Reactor vessel (RPV) failure:
TEPCO has given varying explanations for unit 2’s meltdown and fuel location. Two muon scans have been completed for unit 2. The first found no fuel remaining in the RPV. A second scan by TEPCO claimed to have found some fuel in the bottom of the RPV, our analysis of the scan found otherwise. It is likely that all of the fuel inside the reactor vessel melted and all of it except for some residues is no longer in the RPV.

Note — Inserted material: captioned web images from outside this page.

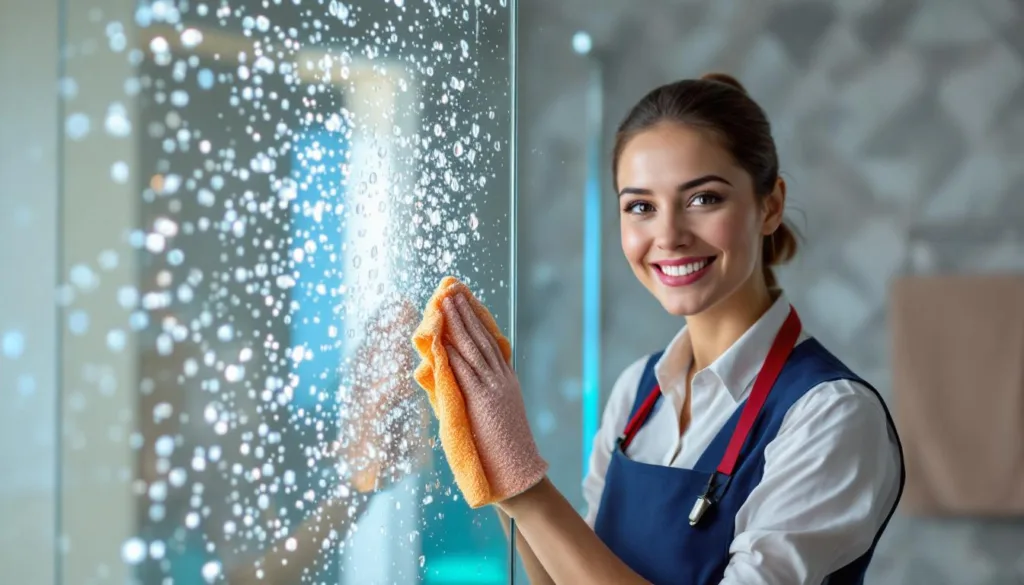 un empleado de hotel comparte el truco infalible para mantener las mamparas siempre limpias y sin manchas. ¡descubre cómo hacerlo fácilmente!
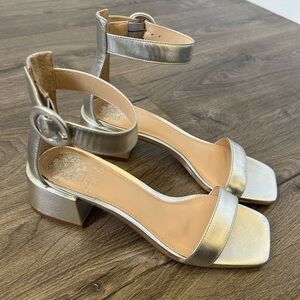 Vince Camuto Silver Ankle Strap Sandals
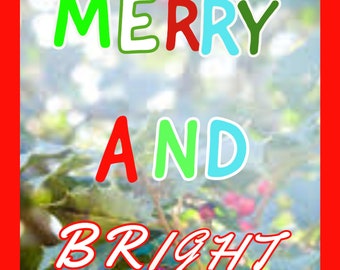 Merry And Bright Holiday Card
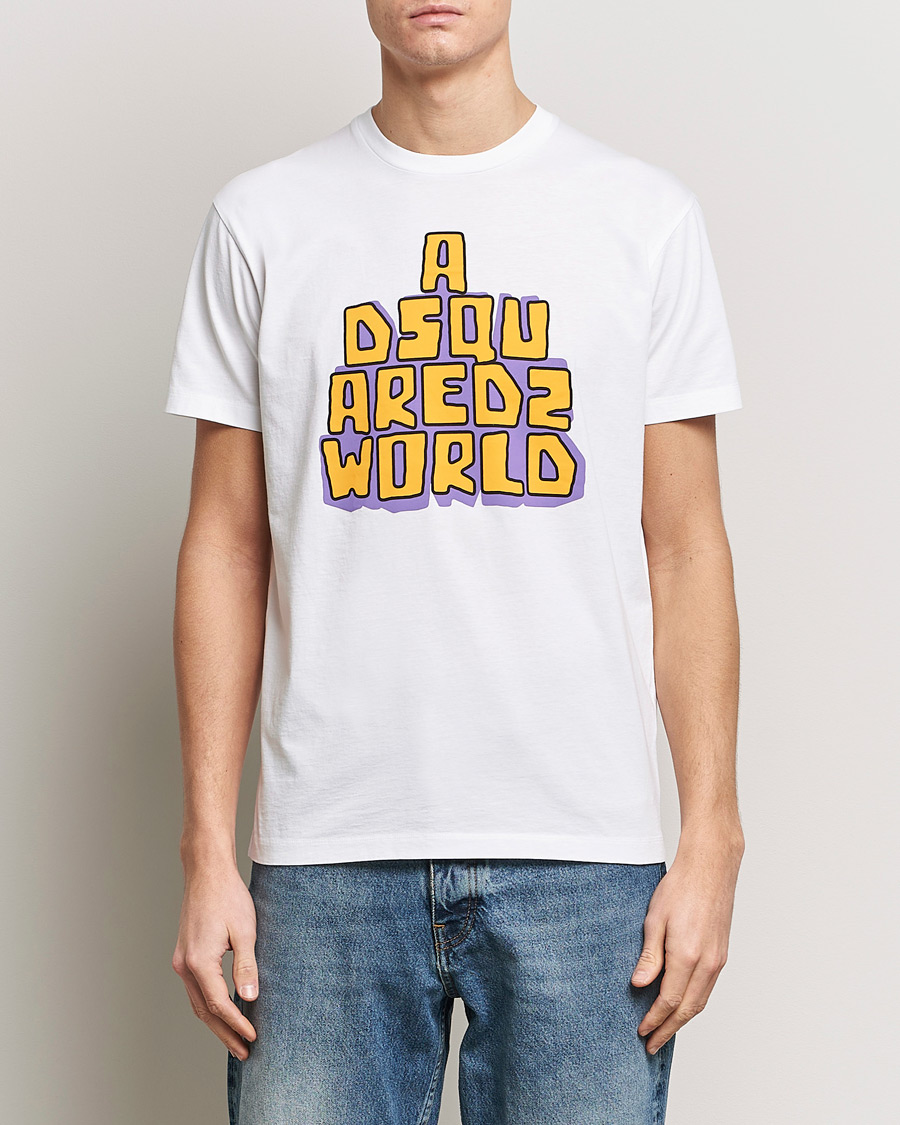Men | Clothing | Dsquared2 | Cool Fit Logo Crew Neck T-Shirt White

The partial meltdown at Three Mile Island progressed in an asymmetrical manner. The melting fuel and reactor metals slumped to one side in the reactor vessel.  Unit 2 appears to have done something similar. Earlier inspection work found a high radiation level along the CRD rail when the Scorpion robot was put into containment. This location of high radiation could be fuel debris inside the PLR pump or piping. Our review of the second muon scan for unit 2 also found what could be evidence of fuel debris in the PLR piping. This is on the same side where RPV failure evidence has been found in the pedestal for unit 2.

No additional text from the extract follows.